Pascal asintió, pensativo. Acarició su amuleto, que continuaba colgando de su cuello sin enfriarse. Una región de suicidas; alucinante. Cayó en la cuenta de que Melissa Lebobitz, liberada de lo que la retenía en el mundo de los vivos, haría poco que habría acudido hasta aquel sector de nuevas soledades. Al menos era un paso más que la aproximaba a la llamada.

—Tiene que ser muy duro, sí —convino por fin, sin superar aún su propio estupor—. A mí me daba la impresión de que este paisaje era parecido al de arriba.

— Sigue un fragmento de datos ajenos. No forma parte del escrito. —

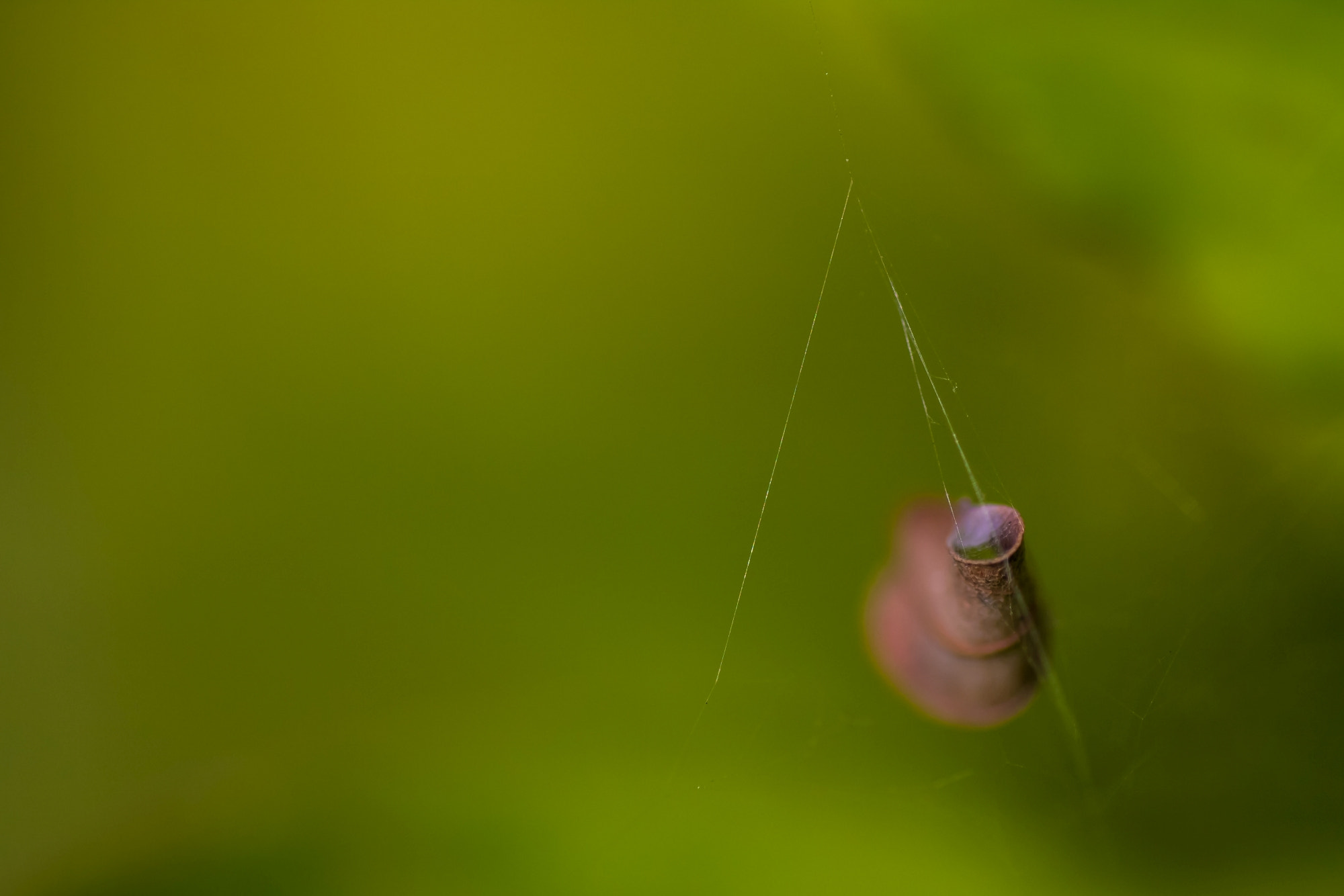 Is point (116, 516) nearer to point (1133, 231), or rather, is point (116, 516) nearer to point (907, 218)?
point (907, 218)

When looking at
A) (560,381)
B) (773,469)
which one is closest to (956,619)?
(773,469)

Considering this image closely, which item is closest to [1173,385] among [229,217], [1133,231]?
[1133,231]

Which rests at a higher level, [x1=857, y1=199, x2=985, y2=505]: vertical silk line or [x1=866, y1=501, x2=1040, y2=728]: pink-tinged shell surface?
[x1=857, y1=199, x2=985, y2=505]: vertical silk line

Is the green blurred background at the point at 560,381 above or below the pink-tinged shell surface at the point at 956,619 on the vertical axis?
above

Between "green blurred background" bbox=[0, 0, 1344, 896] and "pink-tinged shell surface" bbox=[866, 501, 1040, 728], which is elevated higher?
"green blurred background" bbox=[0, 0, 1344, 896]

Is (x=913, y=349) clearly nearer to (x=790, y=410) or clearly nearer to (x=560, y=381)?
(x=790, y=410) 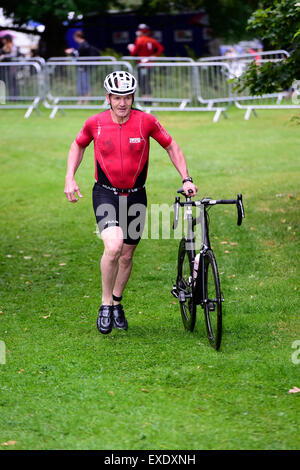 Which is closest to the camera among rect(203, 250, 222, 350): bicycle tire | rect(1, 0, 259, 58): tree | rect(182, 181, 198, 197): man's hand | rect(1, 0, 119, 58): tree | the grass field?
the grass field

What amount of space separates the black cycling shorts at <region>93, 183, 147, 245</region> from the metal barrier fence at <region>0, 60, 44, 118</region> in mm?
16054

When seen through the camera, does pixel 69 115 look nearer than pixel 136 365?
No

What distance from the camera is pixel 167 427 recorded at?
518cm

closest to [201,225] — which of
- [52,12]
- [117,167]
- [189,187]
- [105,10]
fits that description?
[189,187]

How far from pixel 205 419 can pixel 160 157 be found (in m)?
11.8

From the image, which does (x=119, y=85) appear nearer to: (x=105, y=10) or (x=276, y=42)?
(x=276, y=42)

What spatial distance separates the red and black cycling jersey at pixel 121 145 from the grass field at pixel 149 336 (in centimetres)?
146

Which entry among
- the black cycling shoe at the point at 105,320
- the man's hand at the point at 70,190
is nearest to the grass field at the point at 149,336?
the black cycling shoe at the point at 105,320

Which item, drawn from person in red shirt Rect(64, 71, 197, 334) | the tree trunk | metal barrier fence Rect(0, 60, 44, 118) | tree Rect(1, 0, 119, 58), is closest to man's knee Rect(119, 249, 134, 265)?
person in red shirt Rect(64, 71, 197, 334)

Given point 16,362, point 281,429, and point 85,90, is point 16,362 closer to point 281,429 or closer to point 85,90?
point 281,429

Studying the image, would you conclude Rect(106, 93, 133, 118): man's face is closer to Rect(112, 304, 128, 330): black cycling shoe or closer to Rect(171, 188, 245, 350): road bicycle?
Rect(171, 188, 245, 350): road bicycle

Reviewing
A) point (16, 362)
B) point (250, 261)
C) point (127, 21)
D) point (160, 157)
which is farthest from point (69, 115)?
point (16, 362)

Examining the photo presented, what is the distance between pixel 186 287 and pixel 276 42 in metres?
4.77

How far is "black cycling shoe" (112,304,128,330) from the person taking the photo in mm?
7353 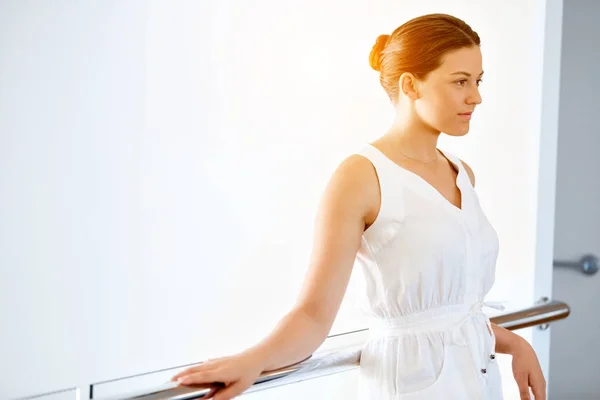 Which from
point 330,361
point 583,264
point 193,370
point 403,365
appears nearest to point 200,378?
point 193,370

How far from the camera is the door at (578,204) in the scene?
8.53 ft

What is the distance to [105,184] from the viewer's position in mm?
1571

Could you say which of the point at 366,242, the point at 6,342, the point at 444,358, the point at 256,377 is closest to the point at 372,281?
the point at 366,242

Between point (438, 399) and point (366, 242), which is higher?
point (366, 242)

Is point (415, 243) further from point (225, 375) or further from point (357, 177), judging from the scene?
point (225, 375)

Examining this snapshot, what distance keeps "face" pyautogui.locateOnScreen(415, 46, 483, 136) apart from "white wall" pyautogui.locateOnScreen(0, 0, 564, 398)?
55 cm

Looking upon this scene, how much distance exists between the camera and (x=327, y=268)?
1166 millimetres

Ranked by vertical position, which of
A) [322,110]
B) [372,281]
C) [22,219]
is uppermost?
[322,110]

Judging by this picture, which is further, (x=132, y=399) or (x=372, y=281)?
(x=372, y=281)

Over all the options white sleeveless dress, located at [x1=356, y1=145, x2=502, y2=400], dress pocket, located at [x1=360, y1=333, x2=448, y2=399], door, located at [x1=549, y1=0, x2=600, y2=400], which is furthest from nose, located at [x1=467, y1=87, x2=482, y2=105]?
door, located at [x1=549, y1=0, x2=600, y2=400]

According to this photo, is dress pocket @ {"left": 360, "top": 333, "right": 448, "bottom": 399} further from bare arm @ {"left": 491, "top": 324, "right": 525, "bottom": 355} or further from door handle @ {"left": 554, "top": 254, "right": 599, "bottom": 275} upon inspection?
door handle @ {"left": 554, "top": 254, "right": 599, "bottom": 275}

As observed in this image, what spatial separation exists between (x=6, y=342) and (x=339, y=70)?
1.03 meters

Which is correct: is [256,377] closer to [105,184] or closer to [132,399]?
[132,399]

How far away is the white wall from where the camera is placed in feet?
4.86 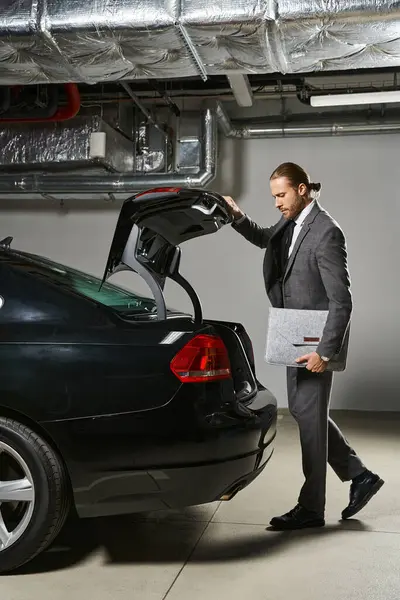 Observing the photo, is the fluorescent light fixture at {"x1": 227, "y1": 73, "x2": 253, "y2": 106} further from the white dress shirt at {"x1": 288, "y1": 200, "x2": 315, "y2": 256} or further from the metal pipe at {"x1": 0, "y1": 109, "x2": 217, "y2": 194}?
the white dress shirt at {"x1": 288, "y1": 200, "x2": 315, "y2": 256}

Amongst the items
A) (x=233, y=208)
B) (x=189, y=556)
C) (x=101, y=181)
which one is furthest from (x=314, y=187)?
(x=101, y=181)

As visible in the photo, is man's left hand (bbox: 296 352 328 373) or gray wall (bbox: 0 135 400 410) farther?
gray wall (bbox: 0 135 400 410)

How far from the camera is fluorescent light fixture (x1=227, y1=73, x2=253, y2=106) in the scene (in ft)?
20.3

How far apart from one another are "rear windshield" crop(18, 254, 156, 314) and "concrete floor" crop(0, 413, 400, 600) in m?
1.02

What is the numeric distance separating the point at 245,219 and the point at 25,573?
1954mm

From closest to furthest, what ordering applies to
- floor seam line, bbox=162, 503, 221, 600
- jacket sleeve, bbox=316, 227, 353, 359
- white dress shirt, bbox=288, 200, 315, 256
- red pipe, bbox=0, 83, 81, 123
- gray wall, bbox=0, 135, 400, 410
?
floor seam line, bbox=162, 503, 221, 600 < jacket sleeve, bbox=316, 227, 353, 359 < white dress shirt, bbox=288, 200, 315, 256 < red pipe, bbox=0, 83, 81, 123 < gray wall, bbox=0, 135, 400, 410

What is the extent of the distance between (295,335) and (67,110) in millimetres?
4238

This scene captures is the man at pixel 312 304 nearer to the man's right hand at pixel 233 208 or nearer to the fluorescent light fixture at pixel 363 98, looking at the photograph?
the man's right hand at pixel 233 208

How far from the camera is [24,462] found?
272 cm

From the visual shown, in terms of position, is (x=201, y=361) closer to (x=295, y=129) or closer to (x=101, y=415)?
(x=101, y=415)

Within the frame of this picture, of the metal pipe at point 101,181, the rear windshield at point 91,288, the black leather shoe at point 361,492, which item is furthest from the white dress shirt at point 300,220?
the metal pipe at point 101,181

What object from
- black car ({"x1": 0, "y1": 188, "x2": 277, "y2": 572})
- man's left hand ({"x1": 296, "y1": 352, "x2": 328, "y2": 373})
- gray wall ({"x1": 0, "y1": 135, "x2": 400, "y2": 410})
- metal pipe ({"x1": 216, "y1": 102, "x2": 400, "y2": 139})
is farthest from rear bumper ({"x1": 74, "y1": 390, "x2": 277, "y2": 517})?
metal pipe ({"x1": 216, "y1": 102, "x2": 400, "y2": 139})

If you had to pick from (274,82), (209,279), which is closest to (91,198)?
(209,279)

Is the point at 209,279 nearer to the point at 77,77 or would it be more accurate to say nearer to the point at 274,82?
the point at 274,82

Pero Ralph rechazó aquella observación con un gesto tajante:

—No. Puede que los alrededores sombríos sean similares aquí y allí, pero los muertos que aguardan en sus tumbas en el nivel del que tú vienes cuentan con la impagable ventaja de la compañía. Los suicidas hemos de aguardar aislados.

—Ya veo. Por eso tú...

—Yo suelo acudir a esta zona, mi cueva está cerca.

—¿Y qué pasa si te cruzas con otro suicida?

—Hemos de separarnos de inmediato, sin intercambiar una sola palabra. El incumplimiento de esta norma acarrearía consecuencias muy graves.